═══ Entries supplied ═══
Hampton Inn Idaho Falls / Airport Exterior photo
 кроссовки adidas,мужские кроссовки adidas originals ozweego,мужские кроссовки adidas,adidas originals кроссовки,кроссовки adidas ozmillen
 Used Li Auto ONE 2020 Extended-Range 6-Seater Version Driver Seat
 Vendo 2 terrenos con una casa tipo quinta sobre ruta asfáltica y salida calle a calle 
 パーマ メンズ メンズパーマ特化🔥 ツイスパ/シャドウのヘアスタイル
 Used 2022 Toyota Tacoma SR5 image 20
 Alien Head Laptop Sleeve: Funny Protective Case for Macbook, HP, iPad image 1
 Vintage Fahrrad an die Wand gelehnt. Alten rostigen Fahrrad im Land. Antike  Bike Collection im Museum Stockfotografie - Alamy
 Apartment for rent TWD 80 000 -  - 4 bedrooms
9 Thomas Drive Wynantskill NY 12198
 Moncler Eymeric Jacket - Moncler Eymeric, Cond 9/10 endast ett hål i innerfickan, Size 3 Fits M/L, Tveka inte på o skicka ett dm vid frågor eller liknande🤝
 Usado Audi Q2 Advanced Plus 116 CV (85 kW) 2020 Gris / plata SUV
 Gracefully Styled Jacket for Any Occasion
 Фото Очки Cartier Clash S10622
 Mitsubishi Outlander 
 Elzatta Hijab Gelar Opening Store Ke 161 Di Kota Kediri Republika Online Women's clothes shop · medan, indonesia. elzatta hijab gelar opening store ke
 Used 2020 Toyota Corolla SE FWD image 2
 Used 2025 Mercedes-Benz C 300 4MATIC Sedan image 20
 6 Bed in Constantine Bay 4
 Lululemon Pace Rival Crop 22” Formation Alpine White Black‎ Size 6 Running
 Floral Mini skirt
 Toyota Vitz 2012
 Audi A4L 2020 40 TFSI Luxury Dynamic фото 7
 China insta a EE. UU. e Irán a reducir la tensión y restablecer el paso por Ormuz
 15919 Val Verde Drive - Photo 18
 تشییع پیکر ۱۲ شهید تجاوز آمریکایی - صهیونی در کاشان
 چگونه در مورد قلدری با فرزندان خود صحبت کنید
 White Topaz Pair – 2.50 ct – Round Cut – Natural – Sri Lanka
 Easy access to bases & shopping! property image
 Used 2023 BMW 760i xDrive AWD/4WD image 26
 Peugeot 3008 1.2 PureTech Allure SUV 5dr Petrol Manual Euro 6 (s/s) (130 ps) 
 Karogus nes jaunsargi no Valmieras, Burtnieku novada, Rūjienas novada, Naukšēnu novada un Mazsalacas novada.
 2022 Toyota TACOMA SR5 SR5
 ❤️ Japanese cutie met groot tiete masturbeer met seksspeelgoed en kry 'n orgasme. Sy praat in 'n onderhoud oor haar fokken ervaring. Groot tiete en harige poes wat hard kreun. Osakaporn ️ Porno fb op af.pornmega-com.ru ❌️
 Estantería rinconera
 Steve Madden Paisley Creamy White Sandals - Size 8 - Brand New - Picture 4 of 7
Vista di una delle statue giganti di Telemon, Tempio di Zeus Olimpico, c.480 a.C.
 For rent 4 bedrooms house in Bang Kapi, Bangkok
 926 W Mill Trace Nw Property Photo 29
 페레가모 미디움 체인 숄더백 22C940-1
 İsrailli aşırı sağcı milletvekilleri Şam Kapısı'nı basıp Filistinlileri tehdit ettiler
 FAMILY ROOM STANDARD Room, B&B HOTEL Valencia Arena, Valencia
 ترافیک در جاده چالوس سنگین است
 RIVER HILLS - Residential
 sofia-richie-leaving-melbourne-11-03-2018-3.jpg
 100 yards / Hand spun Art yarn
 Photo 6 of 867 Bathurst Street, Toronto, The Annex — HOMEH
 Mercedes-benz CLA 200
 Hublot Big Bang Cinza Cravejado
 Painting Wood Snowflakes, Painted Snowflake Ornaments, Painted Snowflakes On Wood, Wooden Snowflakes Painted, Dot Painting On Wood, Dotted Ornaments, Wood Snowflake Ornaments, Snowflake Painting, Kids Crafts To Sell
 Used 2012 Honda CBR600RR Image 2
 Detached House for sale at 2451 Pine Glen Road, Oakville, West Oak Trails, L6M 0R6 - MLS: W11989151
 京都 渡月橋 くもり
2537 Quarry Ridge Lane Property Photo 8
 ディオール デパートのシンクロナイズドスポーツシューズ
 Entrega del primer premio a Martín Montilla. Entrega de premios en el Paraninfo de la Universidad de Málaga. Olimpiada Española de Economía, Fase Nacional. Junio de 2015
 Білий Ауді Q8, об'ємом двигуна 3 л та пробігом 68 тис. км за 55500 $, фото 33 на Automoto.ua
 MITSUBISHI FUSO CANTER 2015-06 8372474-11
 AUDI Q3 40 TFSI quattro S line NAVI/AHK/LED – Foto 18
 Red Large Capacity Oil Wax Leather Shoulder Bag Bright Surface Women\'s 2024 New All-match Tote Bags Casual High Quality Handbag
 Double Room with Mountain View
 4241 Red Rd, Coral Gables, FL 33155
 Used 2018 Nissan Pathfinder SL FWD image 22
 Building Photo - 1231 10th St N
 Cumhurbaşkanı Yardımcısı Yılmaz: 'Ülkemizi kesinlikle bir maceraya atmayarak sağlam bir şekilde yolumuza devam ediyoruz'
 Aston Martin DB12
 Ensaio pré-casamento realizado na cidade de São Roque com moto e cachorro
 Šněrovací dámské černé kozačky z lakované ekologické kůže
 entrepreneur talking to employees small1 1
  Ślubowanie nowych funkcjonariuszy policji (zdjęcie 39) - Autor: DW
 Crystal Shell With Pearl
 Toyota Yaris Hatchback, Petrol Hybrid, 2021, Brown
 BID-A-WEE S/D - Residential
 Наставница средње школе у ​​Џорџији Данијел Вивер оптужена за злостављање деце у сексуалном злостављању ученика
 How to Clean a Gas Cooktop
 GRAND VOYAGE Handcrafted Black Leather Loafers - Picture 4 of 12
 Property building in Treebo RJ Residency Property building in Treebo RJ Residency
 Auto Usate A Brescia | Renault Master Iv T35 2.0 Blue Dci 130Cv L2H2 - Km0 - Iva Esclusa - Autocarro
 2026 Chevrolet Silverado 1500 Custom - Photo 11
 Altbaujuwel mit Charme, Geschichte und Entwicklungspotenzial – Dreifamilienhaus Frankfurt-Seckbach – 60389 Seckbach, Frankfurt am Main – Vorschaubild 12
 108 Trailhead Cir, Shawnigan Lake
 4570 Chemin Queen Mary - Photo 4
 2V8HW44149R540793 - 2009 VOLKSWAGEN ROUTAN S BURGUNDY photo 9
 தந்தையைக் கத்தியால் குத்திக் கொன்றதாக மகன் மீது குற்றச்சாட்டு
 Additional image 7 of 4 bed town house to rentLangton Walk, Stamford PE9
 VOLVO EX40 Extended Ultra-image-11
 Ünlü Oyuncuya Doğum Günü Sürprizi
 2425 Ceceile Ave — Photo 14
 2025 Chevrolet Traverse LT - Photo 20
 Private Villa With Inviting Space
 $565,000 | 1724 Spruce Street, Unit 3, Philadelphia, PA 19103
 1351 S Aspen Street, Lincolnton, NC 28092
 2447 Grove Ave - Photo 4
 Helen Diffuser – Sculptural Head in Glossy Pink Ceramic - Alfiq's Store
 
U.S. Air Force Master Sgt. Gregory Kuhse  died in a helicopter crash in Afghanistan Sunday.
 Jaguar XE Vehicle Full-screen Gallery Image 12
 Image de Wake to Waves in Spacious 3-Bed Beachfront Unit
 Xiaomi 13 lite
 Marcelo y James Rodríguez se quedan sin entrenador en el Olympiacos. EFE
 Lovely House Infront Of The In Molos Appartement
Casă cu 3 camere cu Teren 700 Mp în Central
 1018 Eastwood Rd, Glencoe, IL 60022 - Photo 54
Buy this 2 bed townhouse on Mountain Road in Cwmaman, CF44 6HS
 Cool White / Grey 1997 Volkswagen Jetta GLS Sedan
═══
## Assignment
The expected answer is a word-for-word copy of every line from the one that contains "1351 S Aspen Street, Lincolnton, NC 28092" through the final line of the material.

## Solved exercise
 1351 S Aspen Street, Lincolnton, NC 28092
 2447 Grove Ave - Photo 4
 Helen Diffuser – Sculptural Head in Glossy Pink Ceramic - Alfiq's Store
 
U.S. Air Force Master Sgt. Gregory Kuhse  died in a helicopter crash in Afghanistan Sunday.
 Jaguar XE Vehicle Full-screen Gallery Image 12
 Image de Wake to Waves in Spacious 3-Bed Beachfront Unit
 Xiaomi 13 lite
 Marcelo y James Rodríguez se quedan sin entrenador en el Olympiacos. EFE
 Lovely House Infront Of The In Molos Appartement
Casă cu 3 camere cu Teren 700 Mp în Central
 1018 Eastwood Rd, Glencoe, IL 60022 - Photo 54
Buy this 2 bed townhouse on Mountain Road in Cwmaman, CF44 6HS
 Cool White / Grey 1997 Volkswagen Jetta GLS Sedan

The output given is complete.